Deuxième point négatif de la mise en oeuvre de l’ECCF : une politisation et des pressions externes
Le rapport souligne que les discussions techniques ont souvent été détournées par des enjeux politiques.
- Débats sur la souveraineté : Des discussions sur le schéma Cloud (EUCS) ont stagné en raison de débats non techniques sur la localisation des données et la souveraineté numérique.
- Pressions internationales : Le cadre a subi des pressions politiques de la part de pays tiers et d'industries hors UE, ce qui a nui à la transparence et à la fluidité des échanges.
Troisième point négatif de la mise en oeuvre de l’ECCF : une fragmentation et des inégalités de ressources
L'un des objectifs premiers de l'ECCF — réduire la fragmentation du marché — n'est pas encore atteint.
- Disparités nationales : Il existe un fossé important en termes de ressources et d'expertise entre les grands et les petits États membres, ce qui empêche un développement uniforme des schémas.
- Manque de cohérence : L'absence de mécanismes de responsabilité clairs entraîne des difficultés pour aligner les objectifs de l'ECCF avec d'autres mesures législatives.
Quatrième point négatif de la mise en oeuvre de l’ECCF : gouvernance et engagement des parties prenantes
Le fonctionnement interne du cadre présente des lacunes organisationnelles.
- Ambiguïté des rôles : Il existe une confusion sur les responsabilités et la reddition de comptes (accountability) entre les différentes parties prenantes.
- Exclusion du secteur privé : Certains membres du Groupe de certification des parties prenantes (SCCG) ont exprimé un sentiment de manque d'implication réelle dans les processus de décision.
Enfin, des risques de redondance législative émergent.
Le cadre doit faire face à un environnement réglementaire de plus en
plus dense. Il existe en effet des risques de doublons ou d'incohérences
avec d'autres législations comme la directive NIS2 ou le Cyber
Resilience Act (CRA), ce qui pourrait créer de la confusion sur le
marché.
Premier point positif concernant l’ENISA : une capacité d'adaptation et une bonne réponse aux crises
L'ENISA a démontré une grande agilité face à des événements imprévus et majeurs :
- Flexibilité durant la pandémie : L'agence a soutenu la Commission et les États membres en définissant rapidement les exigences de sécurité pour les applications liées au COVID-19.

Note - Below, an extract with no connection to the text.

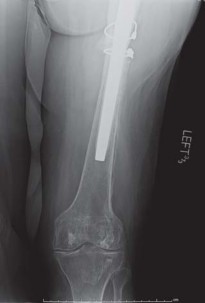 Illustration 46 for THA for patients with proximal femoral deformity: Practical solutions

- Soutien face à la guerre en Ukraine : Elle a joué un rôle clé dans la coopération avec l'Ukraine pour prévenir les cyberattaques sur les infrastructures critiques, comme le secteur de l'énergie.

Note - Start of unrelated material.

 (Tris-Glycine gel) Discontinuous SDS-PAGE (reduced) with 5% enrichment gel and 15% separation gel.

- Réalisation des objectifs : L'agence a fourni la quasi-totalité des produits et résultats prévus dans son programme de travail.
Deuxième point positif concernant l’ENISA : un hub de coopération et une valeur ajoutée européenne
L'agence agit comme un moteur de collaboration au sein de l'Union :
- Soutien aux États membres : Elle aide particulièrement les pays dont les infrastructures de cybersécurité sont moins développées, contribuant ainsi à l'harmonisation de la protection dans toute l'UE.
- Expertise centralisée : En tant que pôle de compétences, elle consolide l'expertise technique et facilite l'échange d'informations entre les autorités nationales.
- Harmonisation : Son travail sur les normes et les exigences communes renforce la préparation globale de l'Europe face aux menaces.
Troisième point positif concernant l’ENISA : une excellence technique et une bonne réputation
La qualité du travail produit par l'agence est largement reconnue par les parties prenantes :
- Publications de haute qualité : L'ENISA est réputée pour la pertinence de ses rapports sur le paysage des menaces et ses recommandations de sécurité.
- Crédibilité : L'agence jouit d'une solide réputation au sein de la communauté de la cybersécurité en Europe.
- Renforcement des capacités : Ses initiatives de formation, ses exercices et ses ateliers sont particulièrement appréciés pour développer les compétences des professionnels et des décideurs.
Premier point négatif concernant l’ENISA : des contraintes de ressources et de personnel
- Pénurie d'experts : L'agence peine à pourvoir des postes spécialisés en raison de la pénurie mondiale d'experts en informatique, ce qui entraîne des retards et une charge de travail élevée pour le personnel en place.
- Adéquation budget/personnel : Bien que le budget ait augmenté de 15 millions d'euros en 2022, cette hausse n'a pas été accompagnée d'une augmentation proportionnelle des effectifs, créant un déséquilibre opérationnel.
- Réallocation forcée : Pour répondre à de nouvelles priorités législatives, l'agence a dû déplacer du personnel au détriment d'activités essentielles comme la sensibilisation et le développement des compétences.
Deuxième point négatif concernant l’ENISA : des lacunes dans la mesure de la performance et une agilité limitée
- Absence d'indicateurs précis : Il n'existe pas d'indicateurs de performance suffisants pour mesurer objectivement l'efficacité de l'ENISA. L'analyse repose donc principalement sur les perceptions des parties prenantes via des entretiens et des enquêtes.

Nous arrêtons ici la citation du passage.